[Captioned web images]
☆ ☆ ☆ ☆
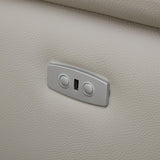 Luxury Power Reclining Motion Sectional Sofa, Oversized Living Room Convertible Sofa&Couch Leather Upholstered Padded Armrests Tufted Couch W/Wide Chaise Daybed,USB Ports and Adjustable Headrests FANYE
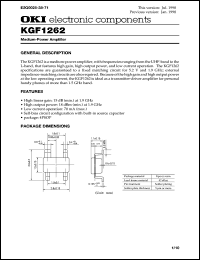 KGF1262 datasheet: Medium-power amplifier KGF1262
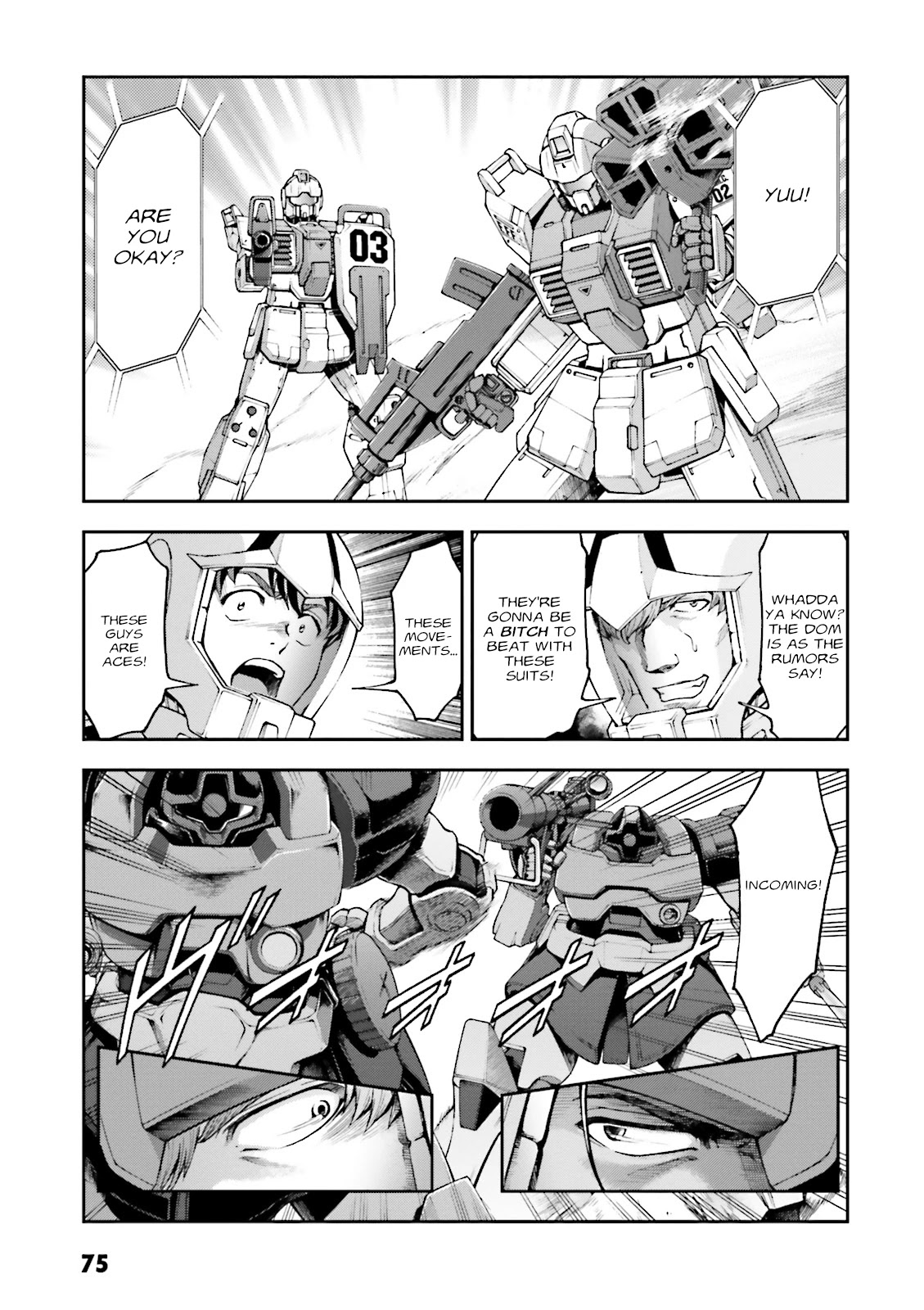 Kidou Sensei Gundam Gaiden - The Blue Destiny (Taichi You) - Chapter 8: Exam Resonance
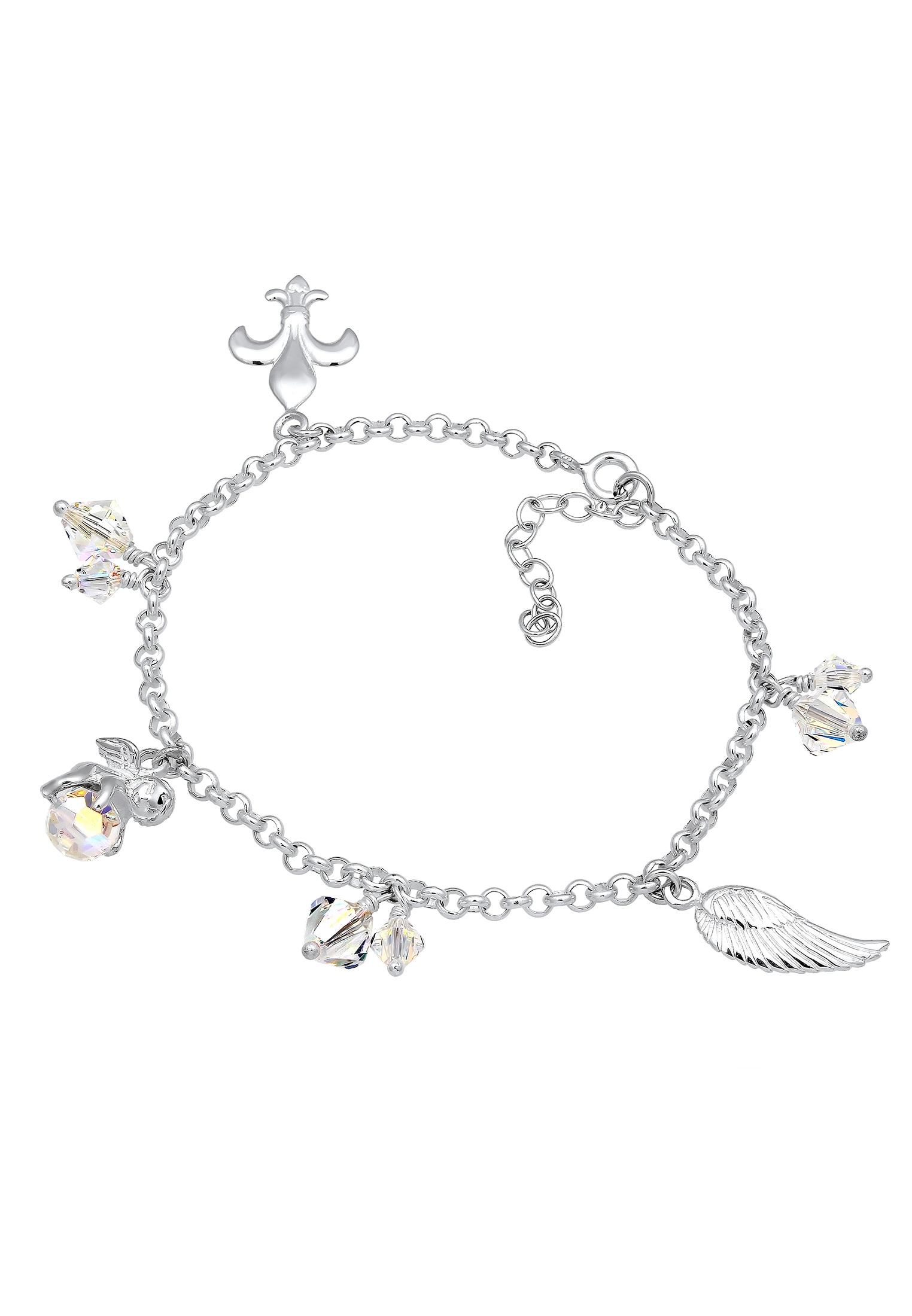 Nenalina Armband »Bettelarmband Anhänger Engel Flügel 925 Silber«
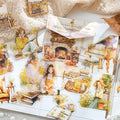 15 Stickers Per Pack Low Light Level Series Retro Girl Landscaping Base Decorative Stickers 6 Options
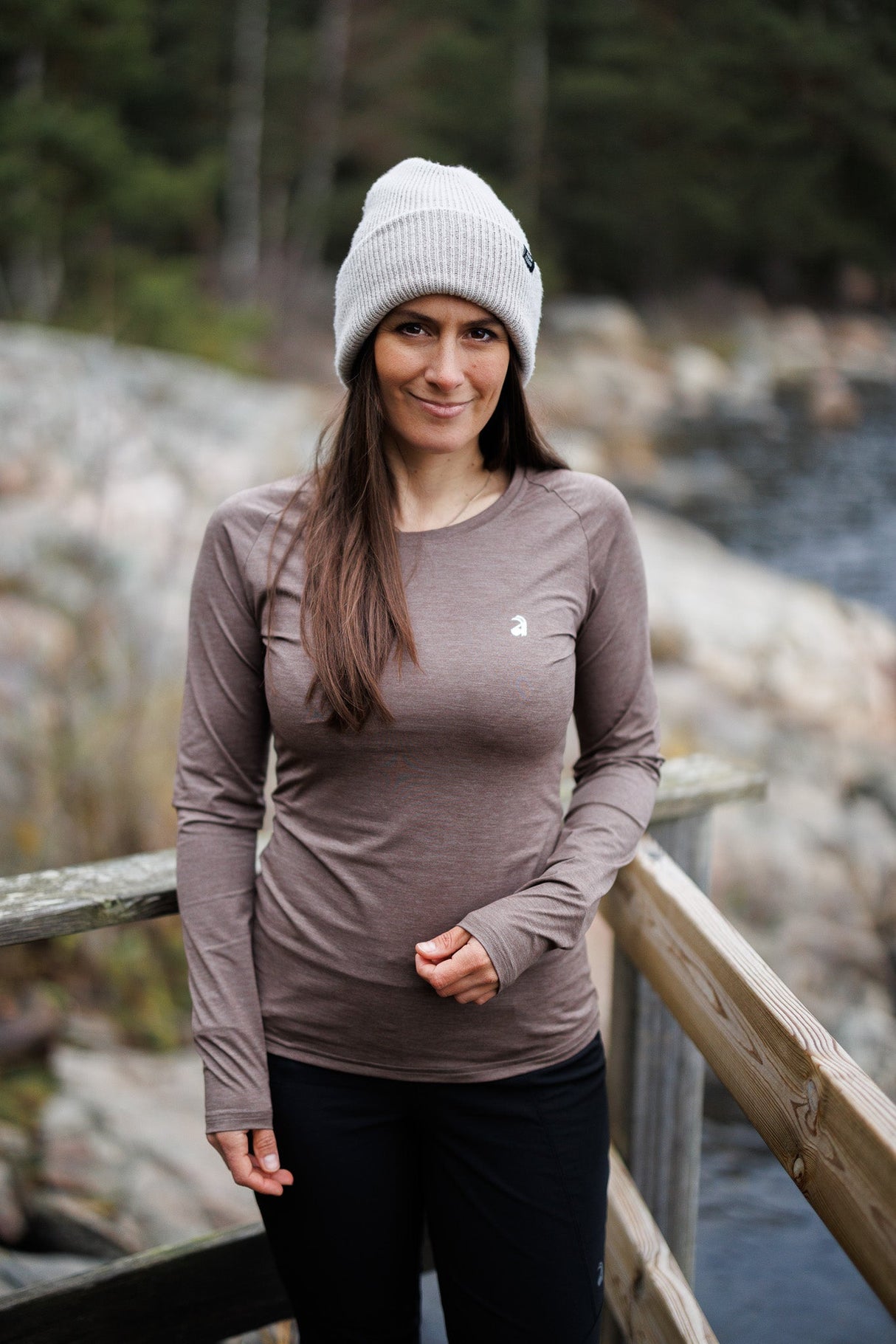 Summit Long Sleeve Tee Dune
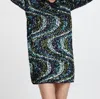 B.YOUNG SAMIO DRESS IN BLACK MIX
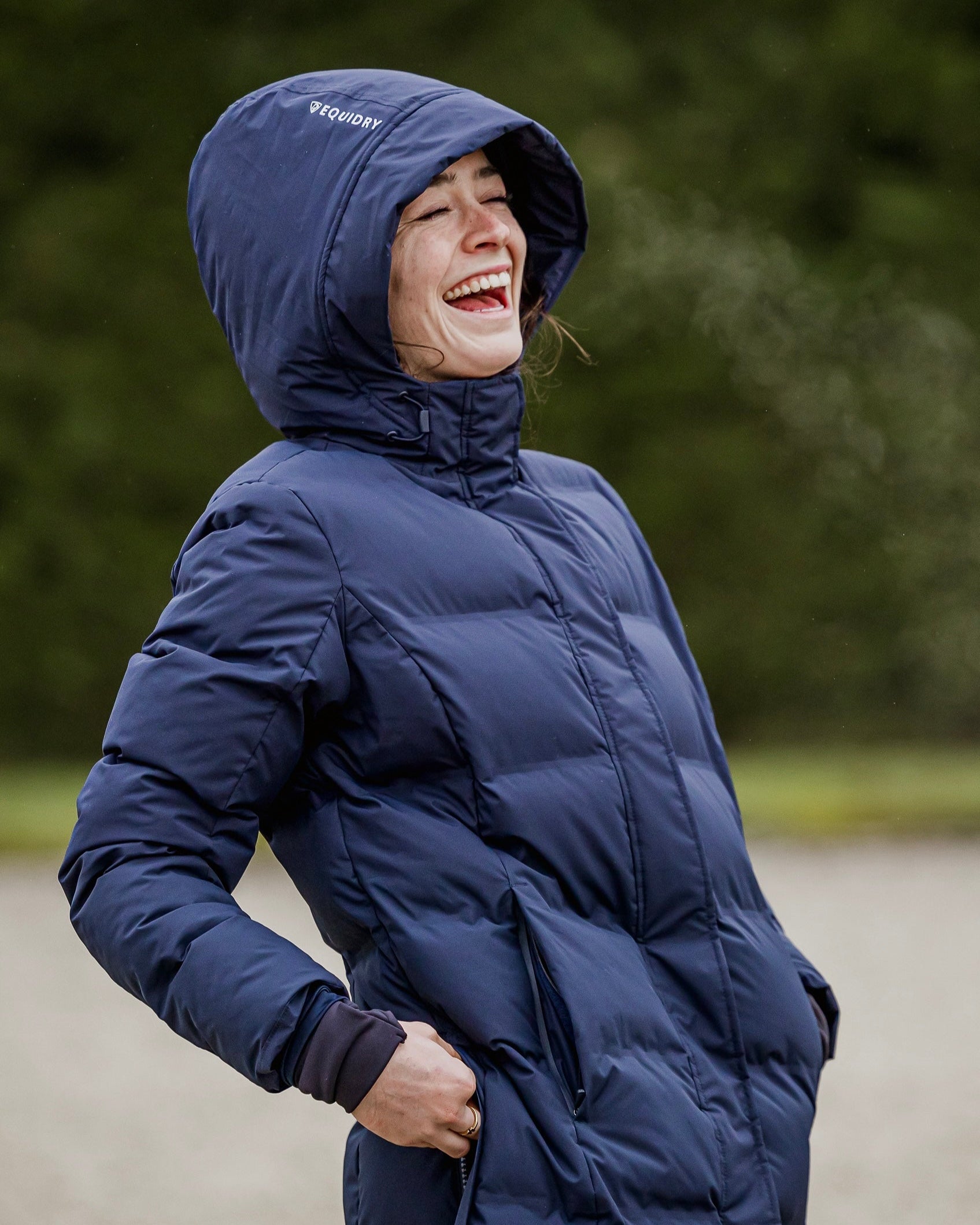 EQUIDRY Thora Waterproof Riding Puffer Women's Navy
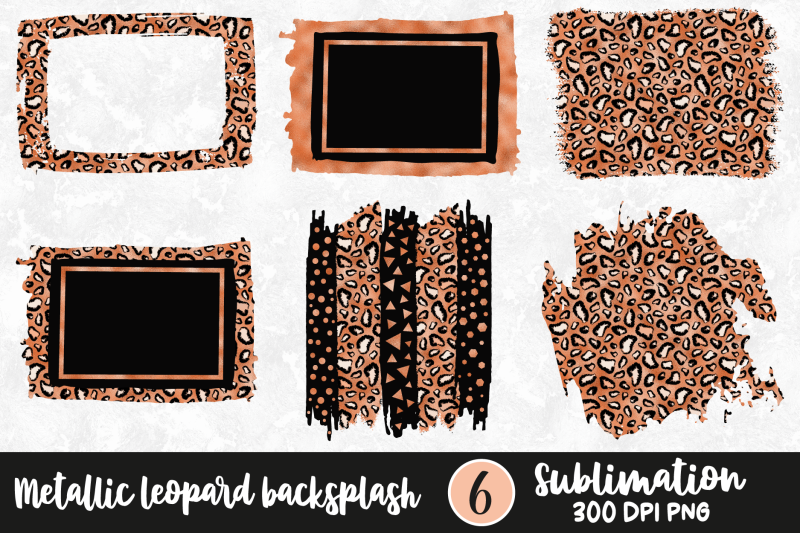 metallic-leopard-sublimation-backsplash-brush-strokes-png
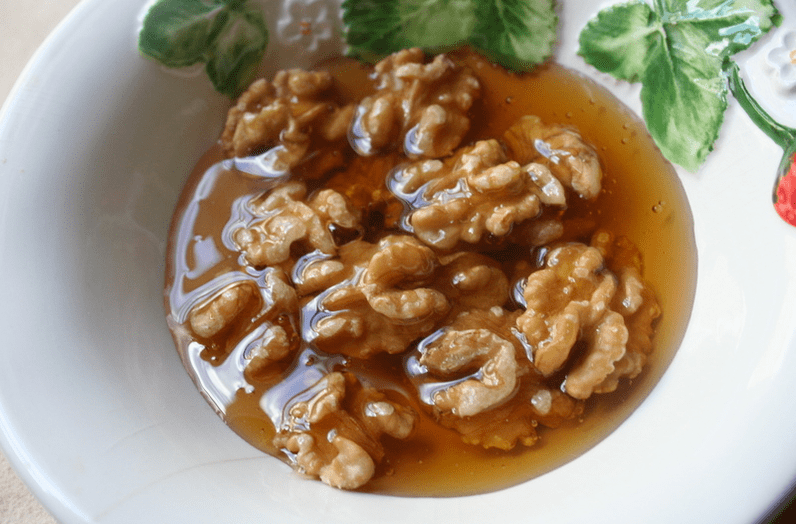 walnuts with honey to increase activity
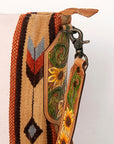 American Darling Saddle Blanket Genuine Leather Women Bag Western Handbag Purse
☆ ☆ ☆ ☆
# [Exercise]
Excluding all pictures, output exactly the lines from the line containing "walnuts with honey to increase activity" through the last line of the entries above.

# [Result of this exercise]
 walnuts with honey to increase activity
 American Darling Saddle Blanket Genuine Leather Women Bag Western Handbag Purse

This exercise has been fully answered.